**PROMPT:** Once you reach the line that contains "Tight close-up of", retype it and each later line exactly as written, stopping only at the end of the listing.

START GIVEN MATERIAL

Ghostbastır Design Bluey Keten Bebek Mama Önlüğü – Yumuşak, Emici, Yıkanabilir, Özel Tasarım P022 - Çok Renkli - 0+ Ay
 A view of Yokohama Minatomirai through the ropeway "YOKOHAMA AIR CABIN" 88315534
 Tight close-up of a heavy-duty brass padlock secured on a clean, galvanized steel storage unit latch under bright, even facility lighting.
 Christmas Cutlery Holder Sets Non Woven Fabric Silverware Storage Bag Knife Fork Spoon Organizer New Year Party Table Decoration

END GIVEN MATERIAL

**OUTPUT OF THE TASK:**
 Tight close-up of a heavy-duty brass padlock secured on a clean, galvanized steel storage unit latch under bright, even facility lighting.
 Christmas Cutlery Holder Sets Non Woven Fabric Silverware Storage Bag Knife Fork Spoon Organizer New Year Party Table Decoration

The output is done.